« Près de la moitié des français considère passer à côté de leurs vies », nous annonce un article du Hu*ffington Post* s'appuyant sur les résultats d'une étude IPSOS publiés le 17 septembre 2015. Étant donné que nous ne pouvons que très difficilement être ailleurs que dans notre propre vie, on serait en droit de se demander quelle astucieux pas de côté ont réussi à faire ces derniers.
Nemo Nobody (joué par Jared Leto), le personnage central du film de Jaco Van Dormael, est peut-être le meilleurs exemple pour expliciter ce phénomène : enfant, le jeune Nemo avait déjà du mal à se confronter aux choix. On le voit par exemple devant un buffet de desserts, incapable d'élire celui qui le contentera le plus, pour finalement abandonner tout bonnement.

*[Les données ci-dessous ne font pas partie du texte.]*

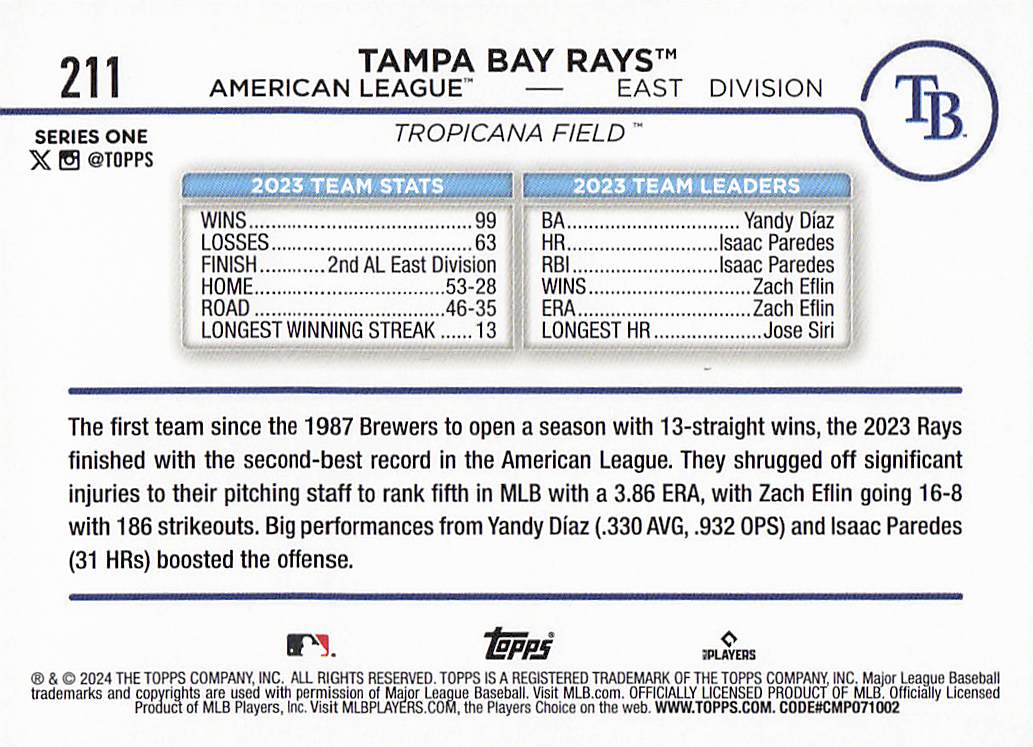 2024 Topps Baseball Silver Crackle Foil Tampa Bay Rays #211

Le jour où ses parents se séparent, nous le retrouvons sur un quai de gare, le train près au départ, tenant d'une main son père et de l'autre sa mère. Celle-ci lui demande alors : « Alors, Nemo, avec qui choisis-tu de rester ? » Nemo reste paralysé. Dans deux plans parallèles, nous le voyons alors faire, à une seconde près deux choix : le voilà qui court derrière le train où est monté sa maman ; dans l'un il la rattrape à temps, dans le second, son hésitation le fait partir trop tard, il reste sur le quai avec son père. À partir de là, sa vie se divise en deux. Le même Nemo existant dans deux dimensions parallèles. À chaque nouveau choix qui suivront, comme lorsqu'il devra élire Anna, Elise ou Jeanne, sa vie se divisera de nouveau.

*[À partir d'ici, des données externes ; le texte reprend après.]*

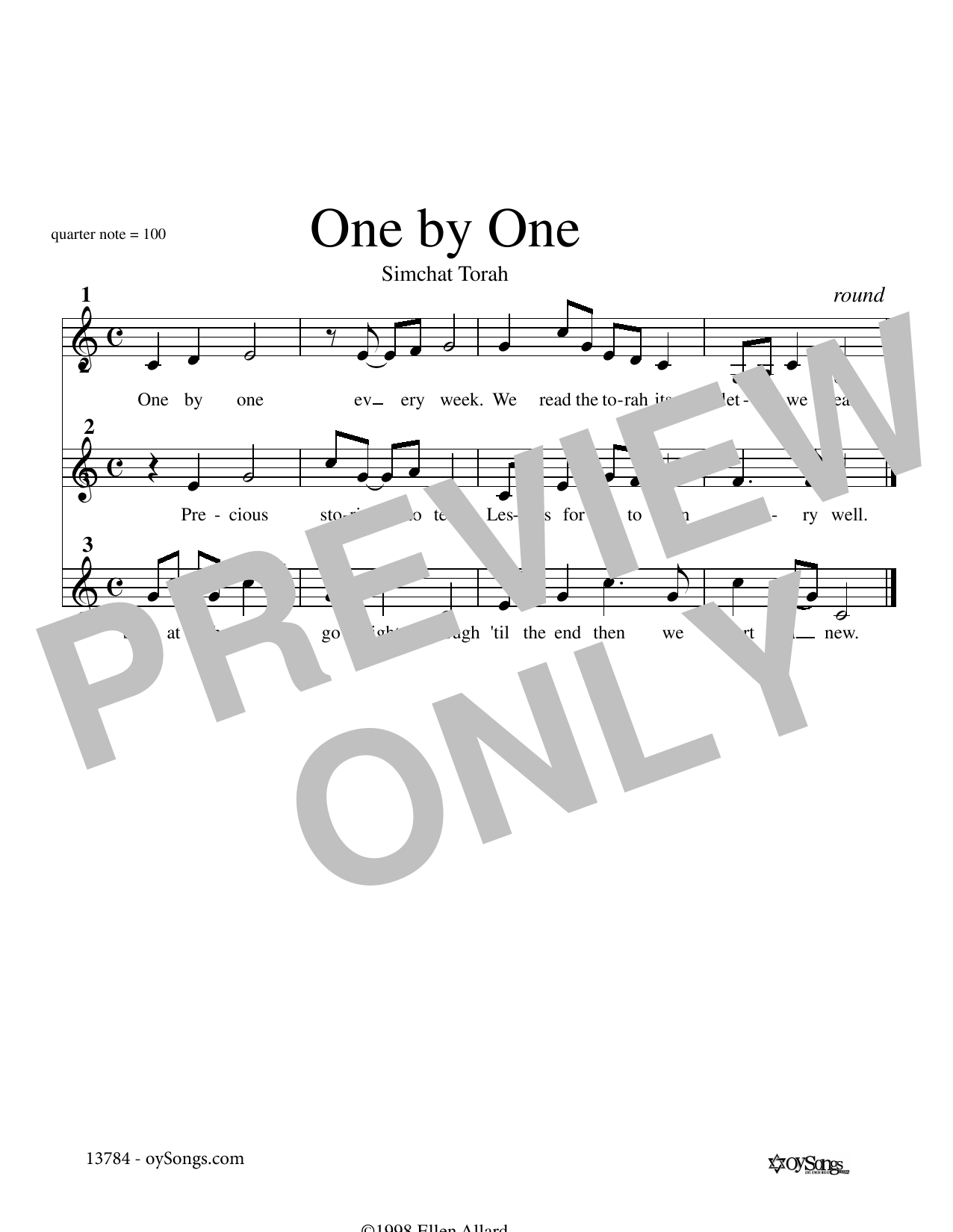 Ellen Allard One by One sheet music notes and chords arranged for Lead Sheet / Fake Book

Pourtant, Nemo, reste connecté et conscient de toutes ces autres vies possibles. Et dans chacune d'entre elles, il semble comme absent, absent de sa propre vie, « à côté ». As-tu toi aussi parfois ce sentiment ? Si oui, sais-tu pourquoi ? Je me revois ce jour de mon adolescence, un soir où j'avais le choix entre assister passivement au cours de théâtre de ma nouvelle amoureuse et accompagner mon ami que je voyais alors peu faire une inintéressante démarche administrative. Je me suis senti totalement paralysé, incapable de faire le moindre mouvement. C'était en définitive un dilemme sans grande conséquence, or c'est la première fois que j'ai pris pleinement conscience de la difficulté devant laquelle nous mettent les moindre de nos choix : chacun d'entre eux exige une perte. Et bien souvent, ce qui nous obsède le plus, c'est ce que nous avons à perdre plutôt que ce que nous avons à gagner.

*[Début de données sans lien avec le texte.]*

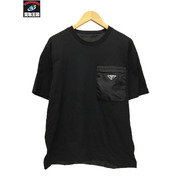 メンズラグ衣料 PRADA 胸ロゴプレート Tシャツ 黒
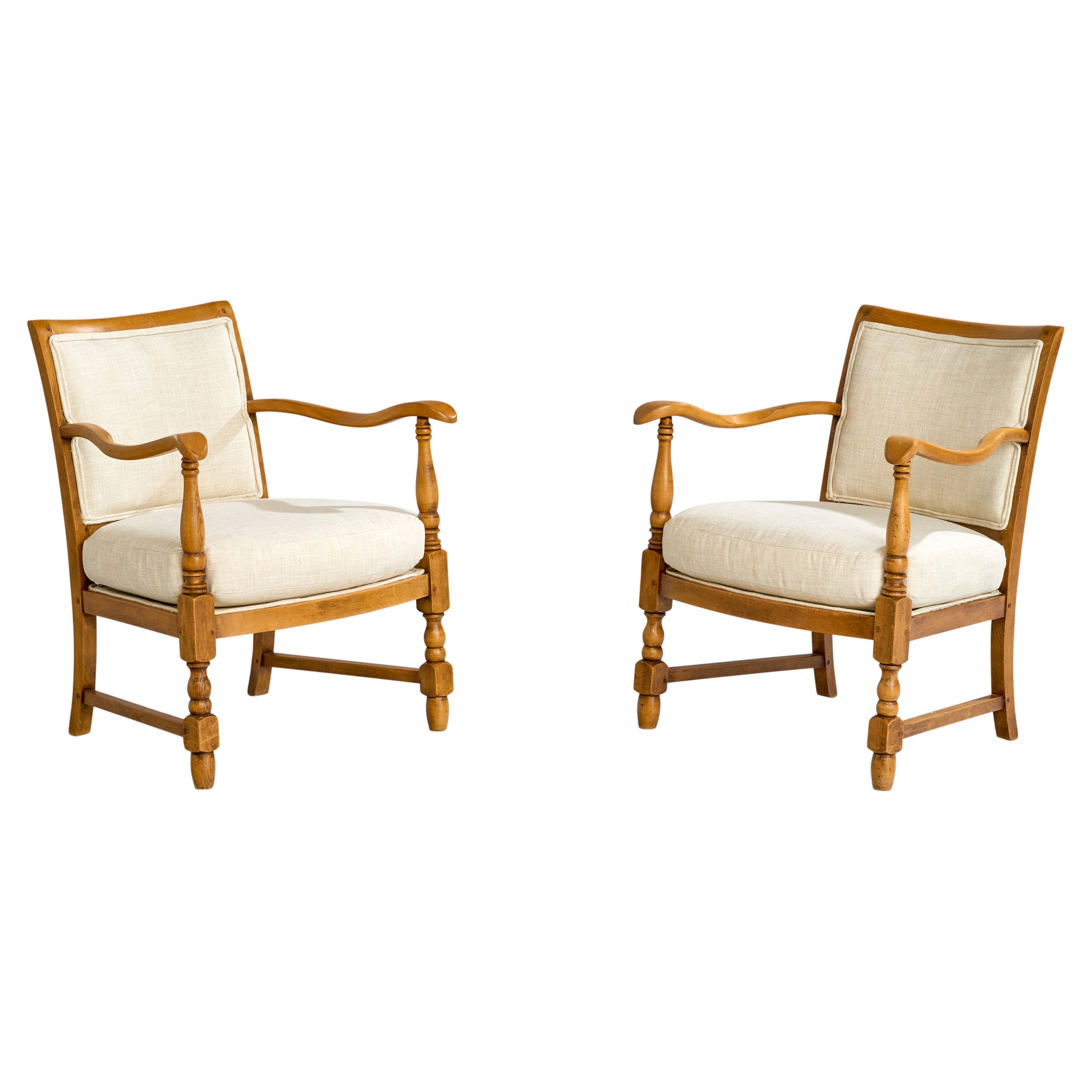 Swedish Designer, Lounge Chairs, Birch, Fabric, Sweden, 1930s im Angebot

Ainsi, un homme qui se marie reste-t-il obnubilé par sa meilleure amie et la cousine de sa femme. L'on s'installe à la ville et l'on regrette la campagne. On va en vacances à la montagne et l'on veut soudain se baigner dans la mer. Ou pire : comme l'âne de la fable, on hésite entre le puit et la meule de foin, à s'en laisser mourir. Même si cela semble d'un certain point de vue formidable, de pouvoir comme Nemo Nobody vivre toutes ces vies potentielles plutôt qu'une seule, cela revient en vérité à n'en vivre aucune. C'est exactement pour cela que le personnage est Nobody (« personne »), et qu'en fin de compte, il n'est ni vraiment vivant, ni présent dans aucune de ses existences.
Inés, une de mes anciennes amoureuses, m'a en son temps énoncé ceci : à chaque moment de notre vie, nous faisons les seuls choix possibles pour nous au moment où nous le faisons. Existent peut-être des réalités parallèles où ses choix ne sont pas les mêmes. Mais ces réalités-là ne sont pas celle-ci, la seule où nous vivons. Une des dernières répliques du film, citant Tenessee Williams, énonce que « chaque vie est la bonne. Le chemin qu’on empreinte est toujours le bon chemin. Tout aurait pu être n’importe quoi d’autre, et cela aurait eu tout autant de sens. » Oui, nous n'avons qu'une vie, une seule. Pourquoi alors la perdre à penser à ce qui pourrait ou aurait pu avoir lieu ? Au lieu de simplement la vivre ? Aussi, arrête donc dès maintenant de penser. Va et vis.